Es gibt wohl kaum ein Kleidungsstück, dass so vielschichtig und vielseitig ist, wie die Jogginghose. Die einen sitzen sie eher durch, während andere sie nahezu täglich durchschwitzen. Sie ist genauso Funktionskleidung wie Statement oder Stilmittel und ich bin mir ziemlich sicher, dass sie in jedem Haushalt mindestens einmal vorhanden ist. Selbst mein Vater, der sich sein Leben lang geweigert hat Jeans zu tragen, hatte eine. Okay, er gehörte zur Durchsitz-Fraktion, aber auch für ihn war sie das nach Außen hin sichtbare Zeichen: „Jetzt bin ich Privat! Jetzt steh ich nicht mehr zur Verfügung.“
Und genau hier wiederspreche ich jenem Modeschöpfer. Denn ich bin der Meinung: Sich bewusst zu entscheiden, dass ich mich jetzt der Welt entziehe indem ich mir etwas anziehe, was ich so „da draußen“ nie anziehen würde, hat für mich mit jeder Menge Kontrolle über das eigene Leben zu tun.

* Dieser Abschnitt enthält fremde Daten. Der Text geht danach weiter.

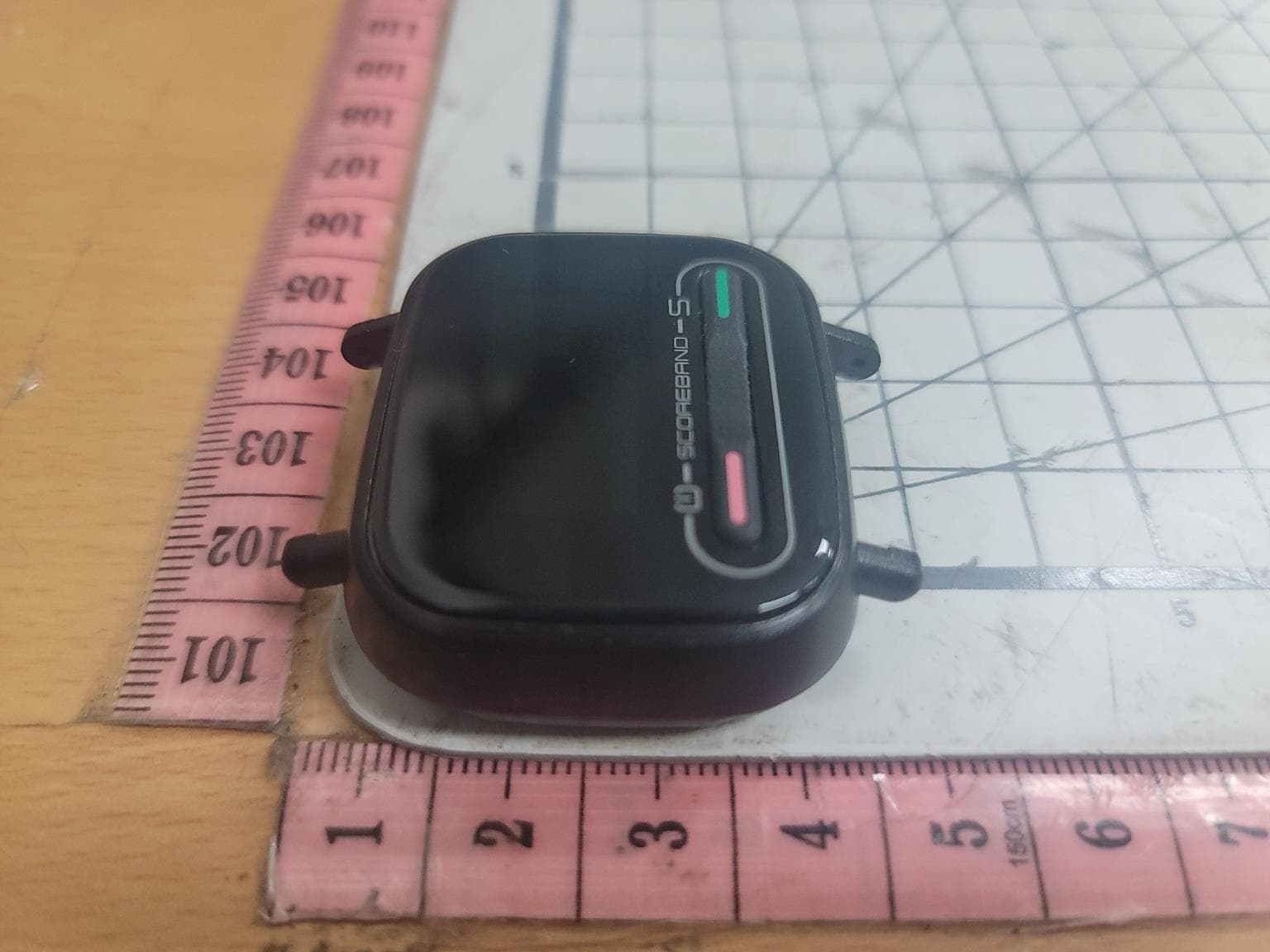 WEKKUK(SMART SCOREBAND) - FCC ID 2BB7X-76WKSB200-1 - 76SOFT Co., LTD (5)
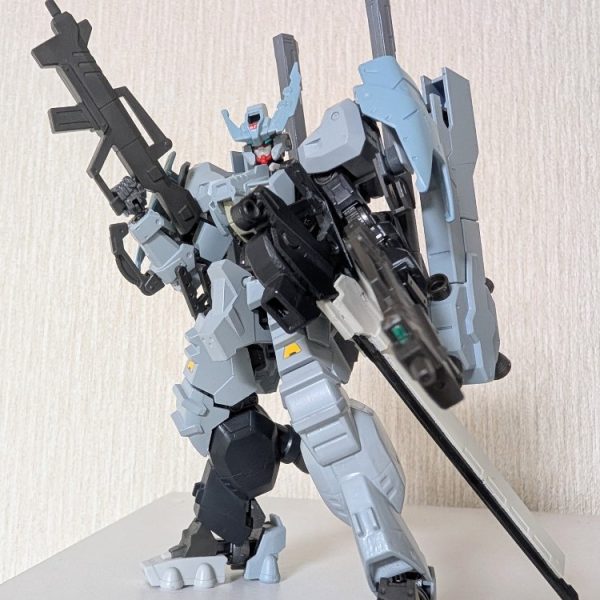 ガンダム・アストレトアルブス（重装仕様）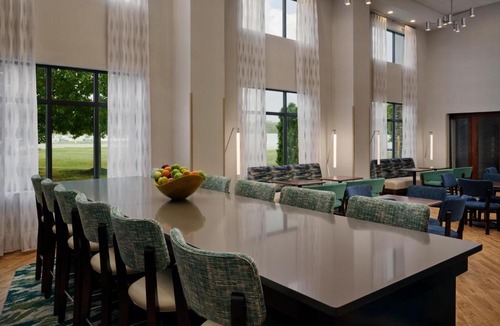 Waynesboro Hotel | Hampton Inn Waynesboro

Allzeit bereit vs. bin nicht mehr verfügbar
Von der einen Rolle, die wir den Tag über ausfüllen in die nächste zu schlüpfen, kann in vielerlei Formen passieren. Die einfachste und offensichtlichste ist der Wechsel der Kleidung. Die einen ziehen Abends den Schlips oder den BH aus, legen die Uhr ab oder tauschen Pumps gegen Schlappen. Aber ein bisschen bleibt man doch noch drin in der Rolle. Es macht einfach einen Unterschied, ob man noch die Jeans und Hemd/Bluse an hat, wenn ein Freund spontan fragt, ob man noch kurz was mit trinken geht oder ob man bereits zu Jogginghose, Lieblingspullover und dicken Socken übergegangen ist.
Ab jetzt Ich!
Auch wenn für dich der Wechsel der Kleidung bereits zum Nach-Hause-komm-Ritual gehört, kann ein sehr bewusster Umgang damit einen großen Unterschied machen. Das Ausziehen der Tages-/Rollenkleidung bewusst Teil für Teil zu tun und sich so Stück für Stück vom Tag zu verabschieden, entspannt und erdet.
Mein Tipp:
Achtsam und langsam die Tageshülle abstreifen und dabei bewusst auf Empfindungen, Emotionen und Gedanken achten, macht aus dieser so alltäglichen Tätigkeit ein Fest für die Sinne. Kleine Pausen vertiefen das Erleben zusätzlich.
Bereits nach ein paar Wiederholungen wirst du merken, wie tiefenentspannend dieses bewusste Wahrnehmen vor allem der Empfindungen ist. Denn in dem Teil unseres Gehirns, der dafür zuständig ist, wird auch der Großteil unseres Stressempfindens produziert. Daher legst du durch das bewusste Ablegen der Alltagskleidung auch einen Teil des Alltagsstress gleich mit ab.